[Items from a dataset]
'''
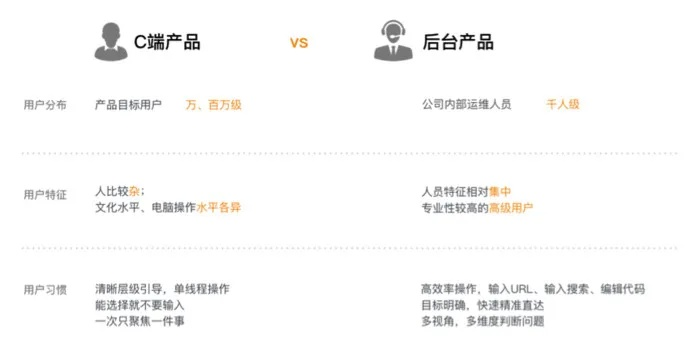 公正的產(chǎn)品分析師視角，對(duì)比瀏覽器下載 官方免費(fèi)與瀏覽器下載 官方免費(fèi)，數(shù)據(jù)引導(dǎo)設(shè)計(jì)策略_HD_v6.525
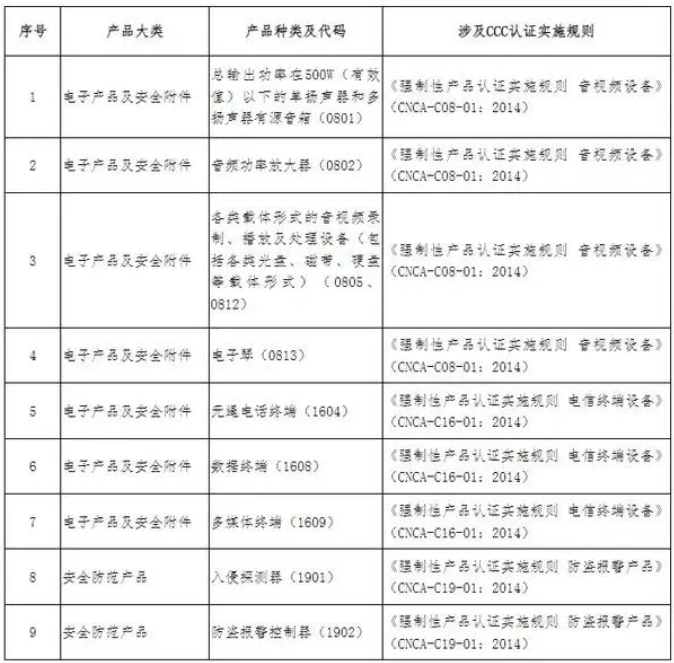 不实行3C认证转CQC认证的产品(图1)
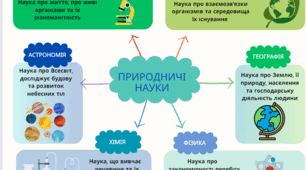 Ментальна карта "Природничі науки " ( 5 клас, НУШ,  "Пізнаємо природу")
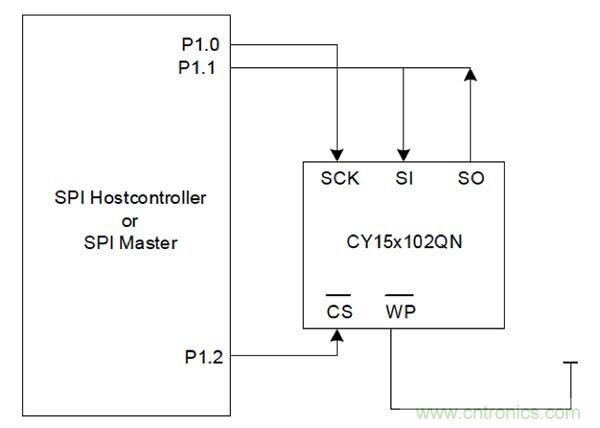 如何利用铁电存储器提高汽车应用的可靠性？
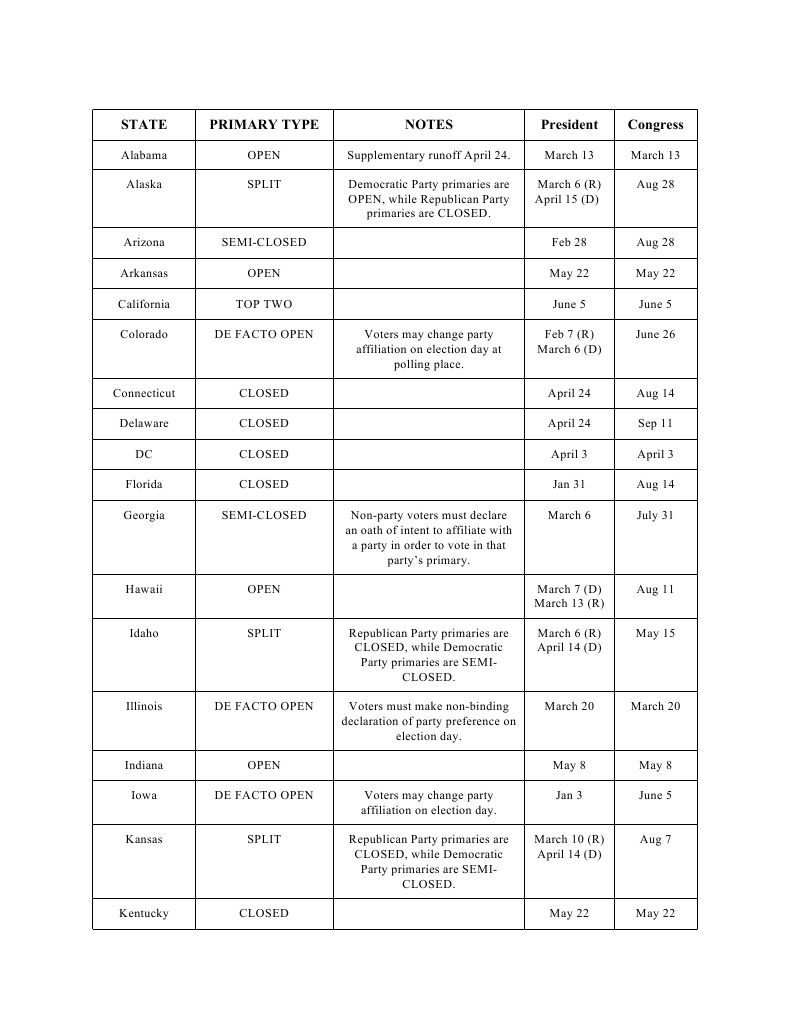 State Primary Election Types and Dates | PDF | Primary Election ...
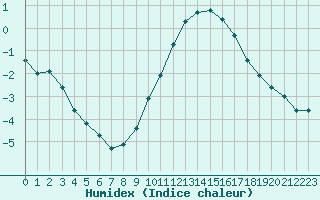 Courbe de l'humidex pour Strasbourg (67)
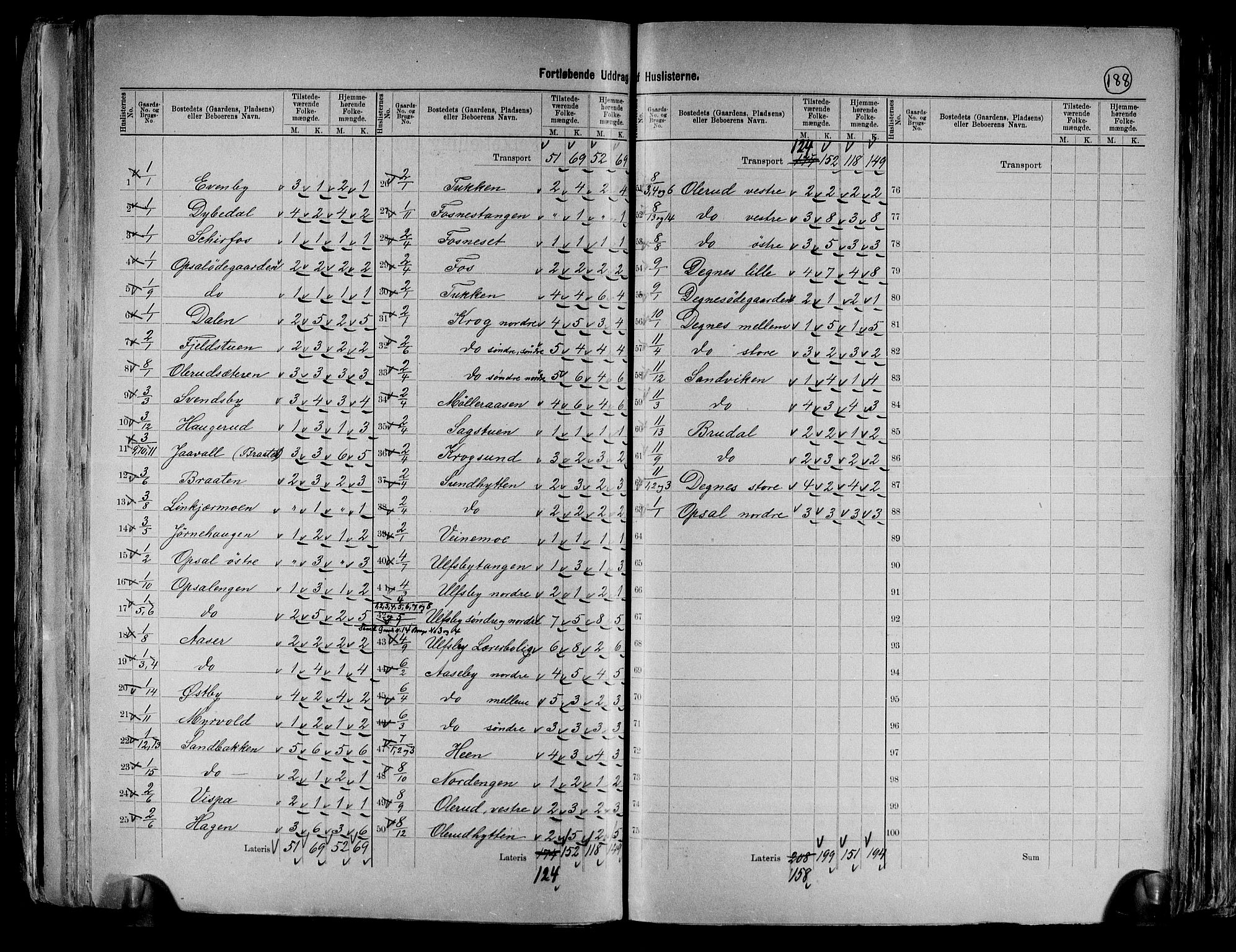 RA, 1891 census for 0120 Rødenes, 1891, p. 9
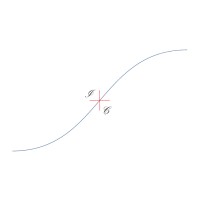 Inflection Capital Management, Llc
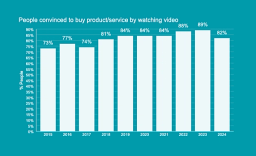 Video Marketing Statistics 2024
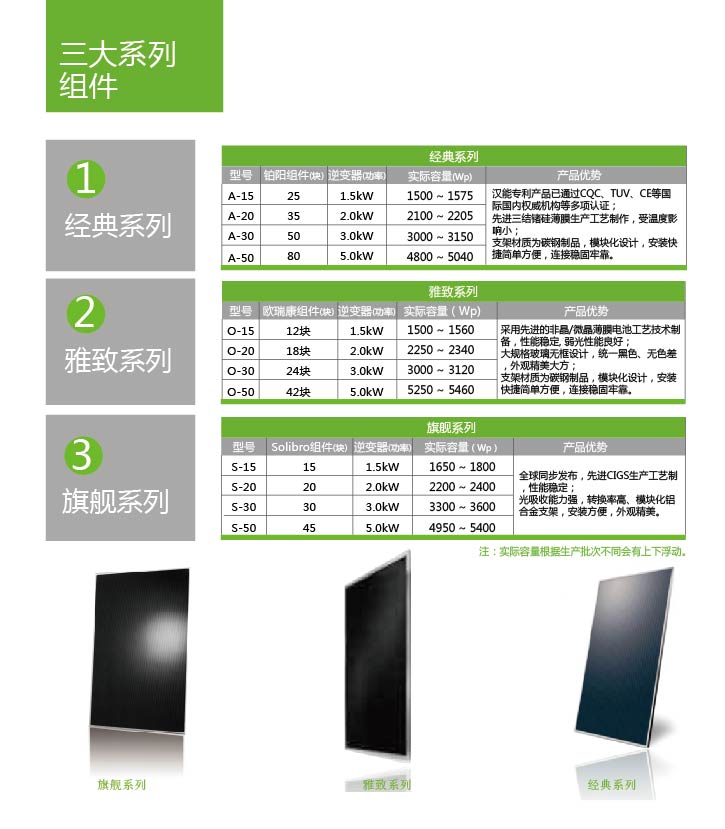 戶用發(fā)電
'''
Only lines belong in the copy, not pictures: write out exactly the lines of the records from the first through the one holding "State Primary Election".

 公正的產(chǎn)品分析師視角，對(duì)比瀏覽器下載 官方免費(fèi)與瀏覽器下載 官方免費(fèi)，數(shù)據(jù)引導(dǎo)設(shè)計(jì)策略_HD_v6.525
 不实行3C认证转CQC认证的产品(图1)
 Ментальна карта "Природничі науки " ( 5 клас, НУШ,  "Пізнаємо природу")
 如何利用铁电存储器提高汽车应用的可靠性？
 State Primary Election Types and Dates | PDF | Primary Election ...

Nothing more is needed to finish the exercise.